* Try it:
Extract only the lines running from the top of the entries to the line that holds "تابلو پروفایل بوکسر". Include that line and omit the pictures.

[Items from a dataset]

<<<<

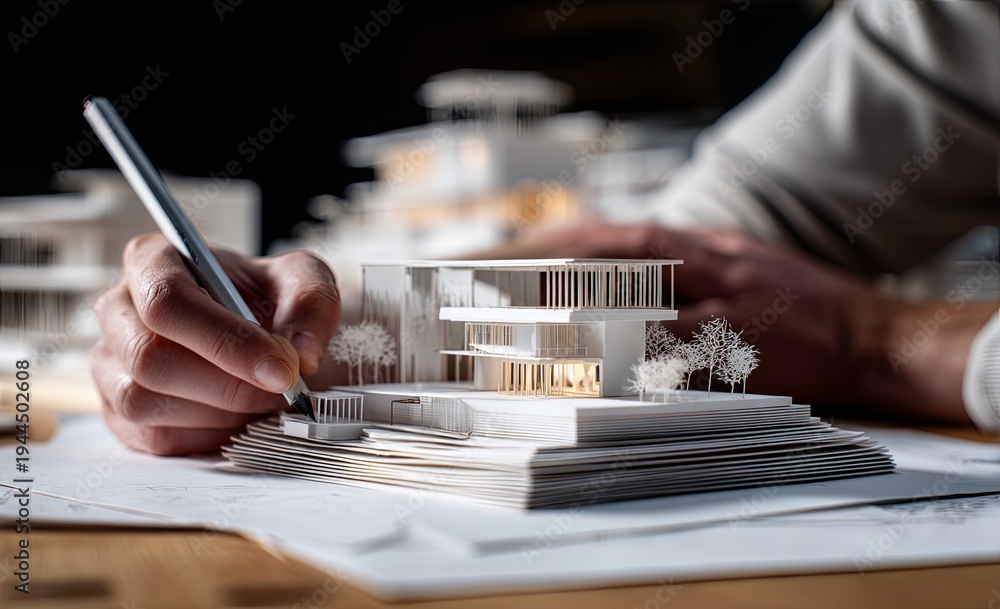 Fototapeta premium Person analyzes a detailed white architectural model with a pen in hand on a desk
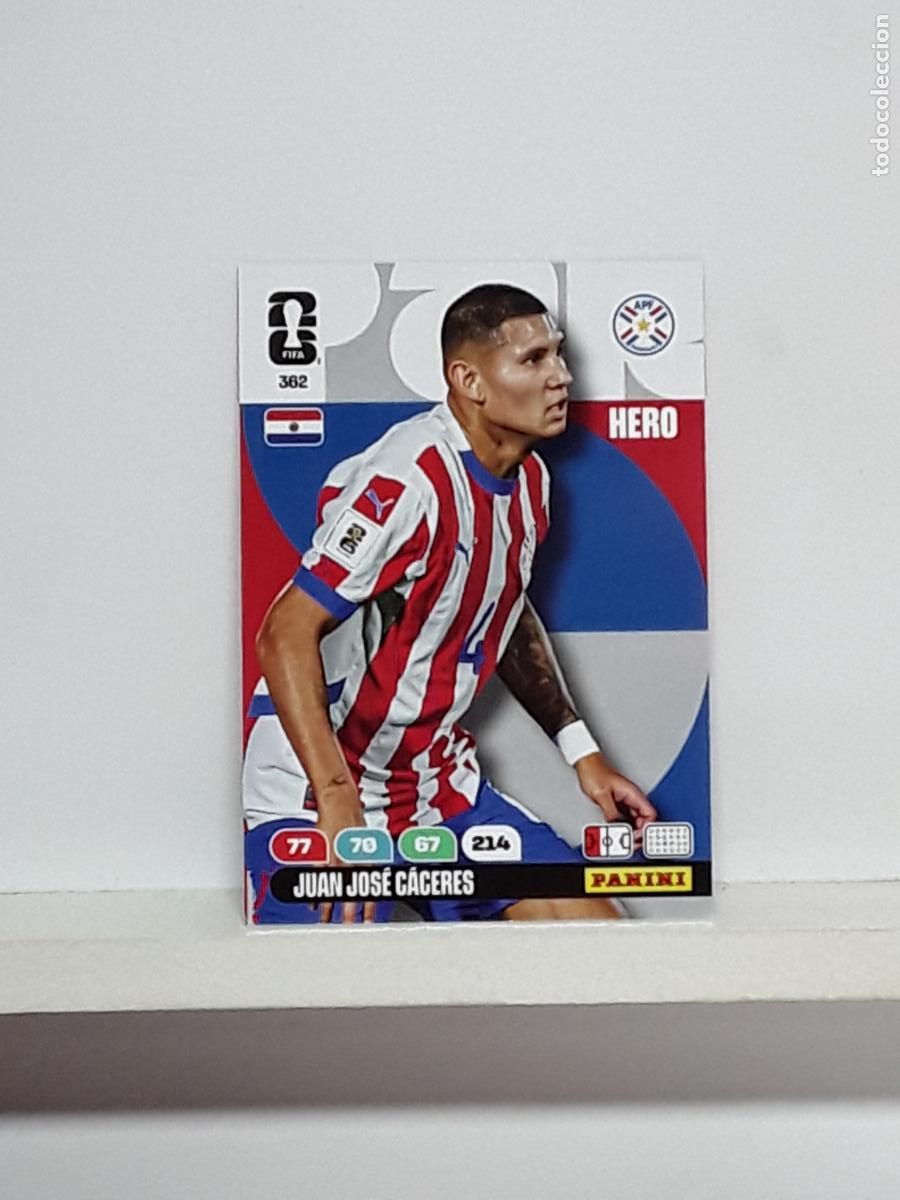 Cromos de f&uacute;tbol: ADRENALYN MUNDIAL 2026 WORLD CUP 26 ALBUM PANINI N 362 PARAGUAY JUAN JOSE CACERES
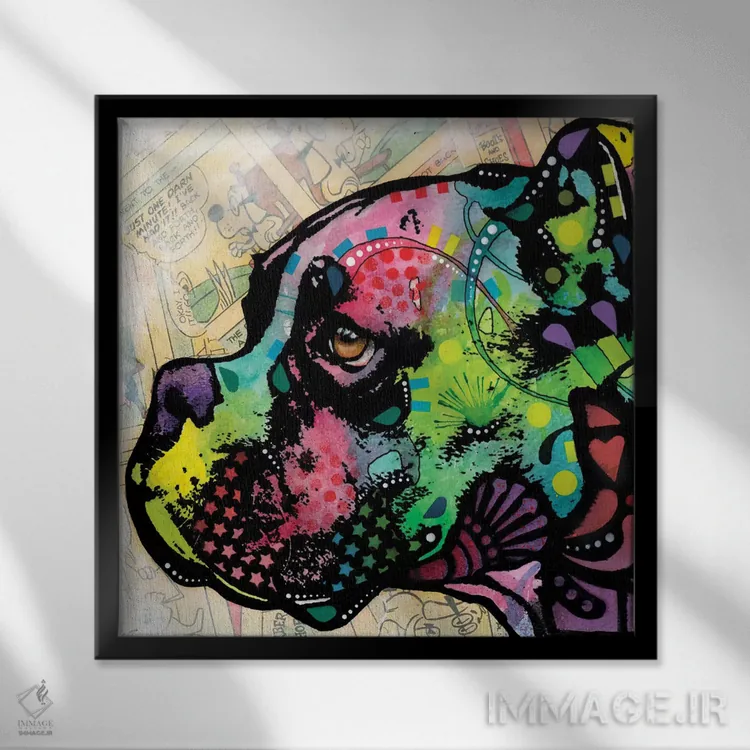 تابلو پروفایل بوکسر به سبک دکو اثر باور روسو - نمای قابدار مشکی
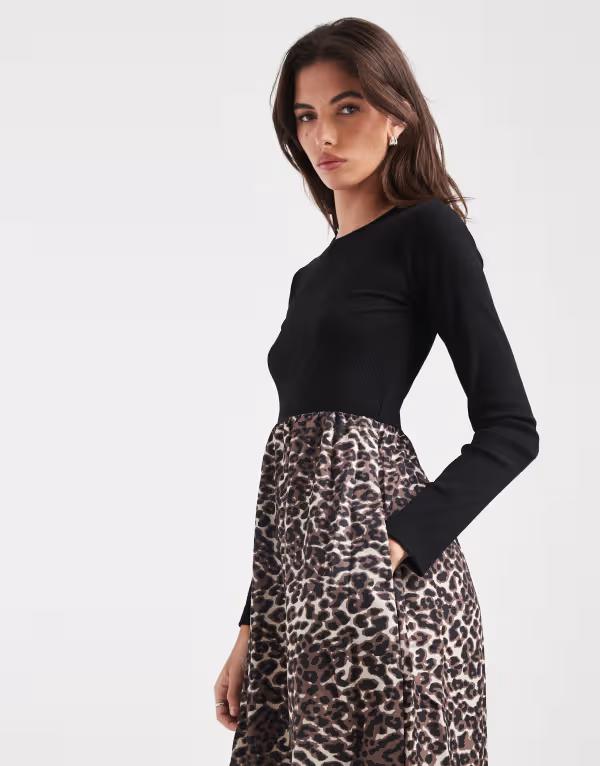 スリードベア レディース トップス ワンピース プリント ミディ スカート コントラスト Threadbare long sleeve midi dress with contrast leopard print skirt Black ブラック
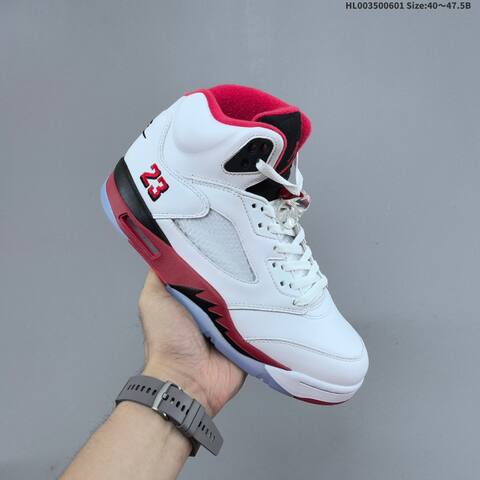 Jordan Air Jordan 5 Retro White Red Black 40 47 5 Basketball - Men s BS-65823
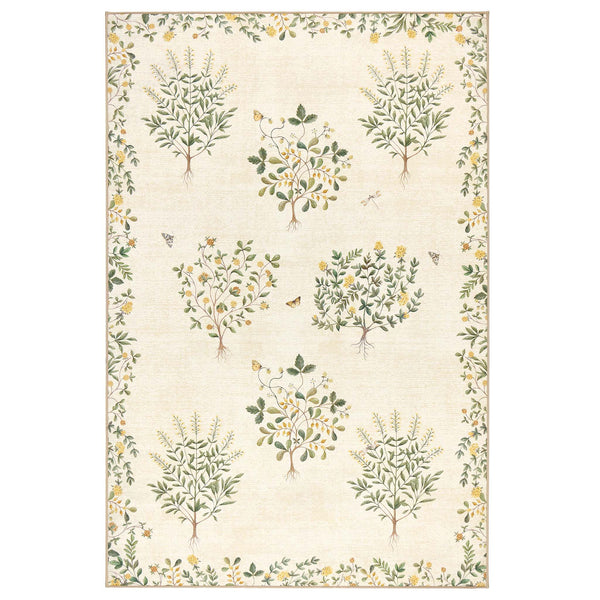 Sanderson By Highgrove x Hug Rug Eco-Washable Thyme Walk Lichen & Gooseberry with a nature inspired pattern.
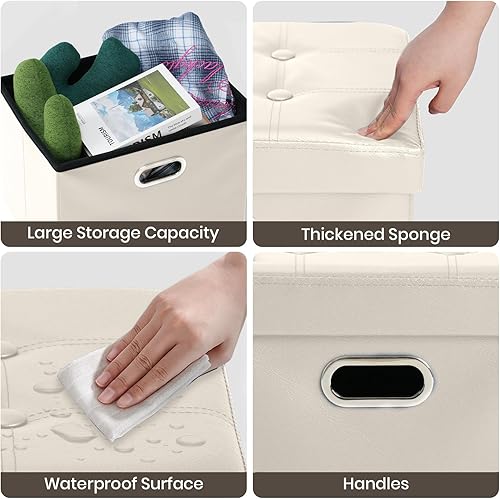 Miniatura 43 de COSYLAND - Reposapiés u otomano con almacenamiento plegable de piel, con agujero para agarrar, para habitación, tamaño pequeño, rectangular, 17 x 15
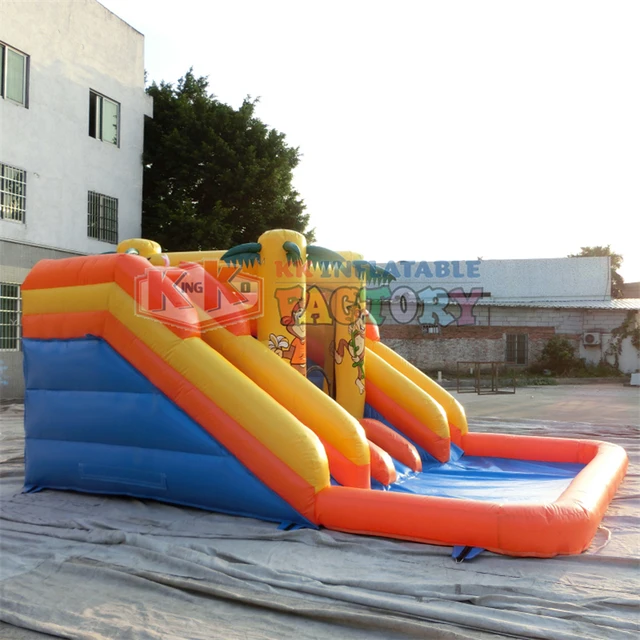 Small KK Inflatable home used palm tree inflatable pool water slide for sale 5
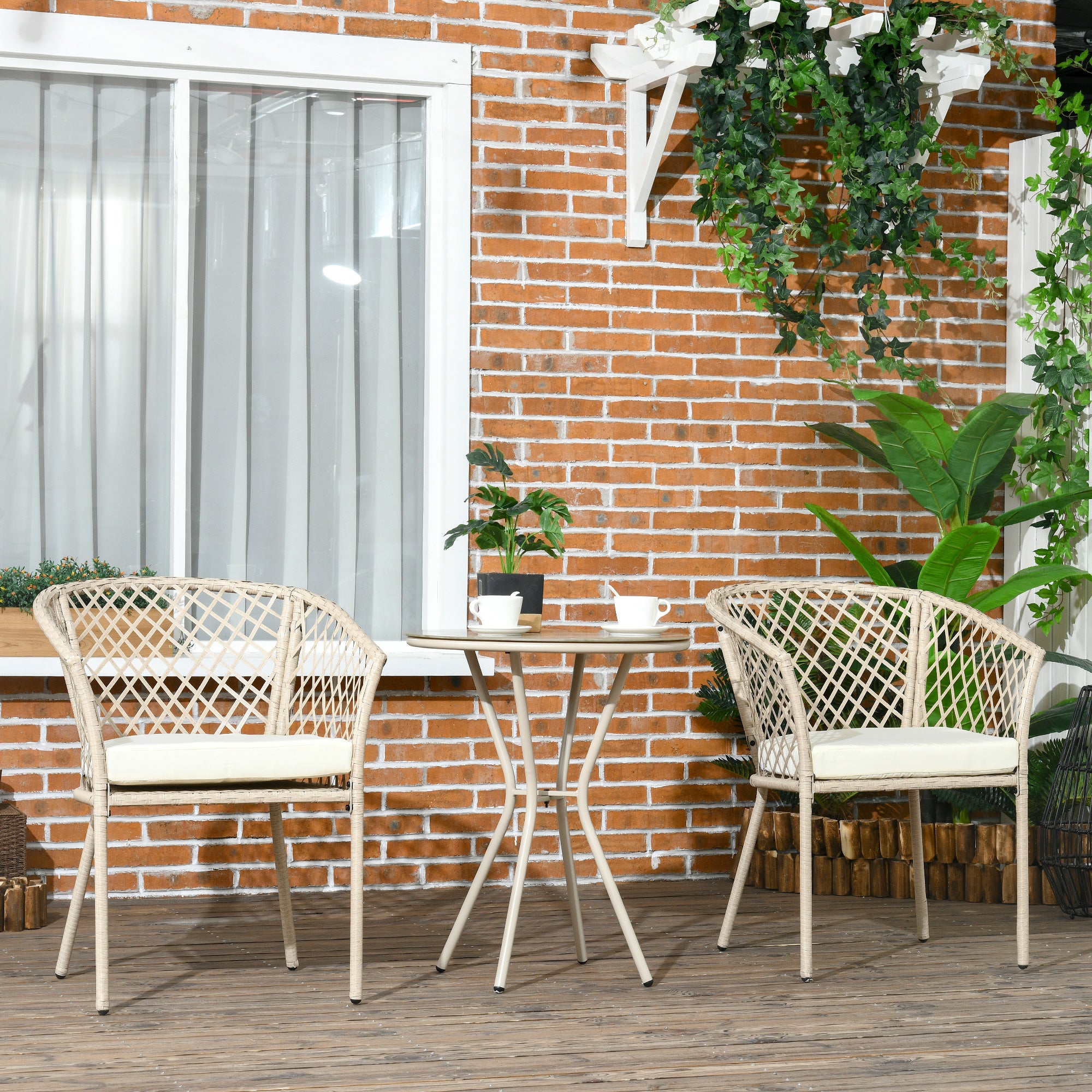 Rattan Garden Furniture Set 3pc, Patio Set with Coffee Table, 2 Chairs, Balcony Furniture Set with Cushions, Garden Seating Group for Balcony, Terrace, Khaki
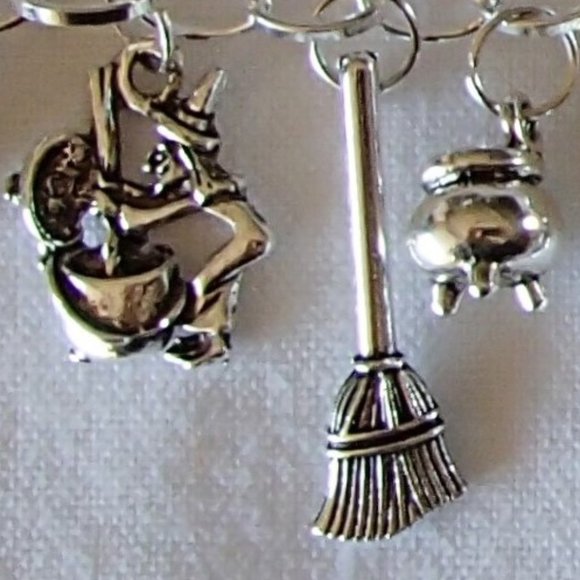 Halloween Theme 13 Charm Bracelet SP New Handcrafted + Organza Roses Gift Bag - Picture 7 of 14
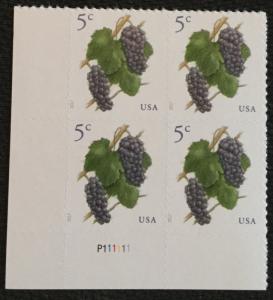 US #5177 MNH Plate Block of 4 Grapes (.05)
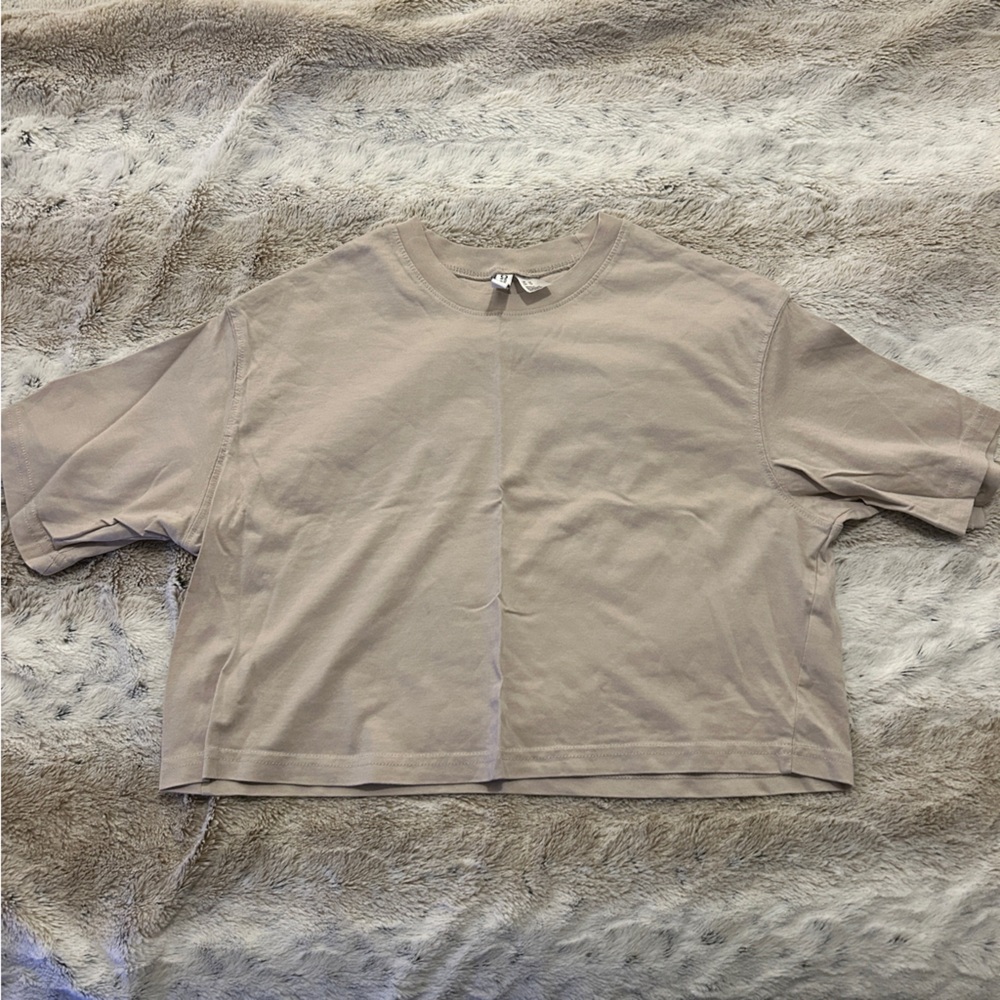 H&M Light Beige Cropped Boxy Tee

>>>>

* Exercise solution:
 Fototapeta premium Person analyzes a detailed white architectural model with a pen in hand on a desk
 Cromos de f&uacute;tbol: ADRENALYN MUNDIAL 2026 WORLD CUP 26 ALBUM PANINI N 362 PARAGUAY JUAN JOSE CACERES
 تابلو پروفایل بوکسر به سبک دکو اثر باور روسو - نمای قابدار مشکی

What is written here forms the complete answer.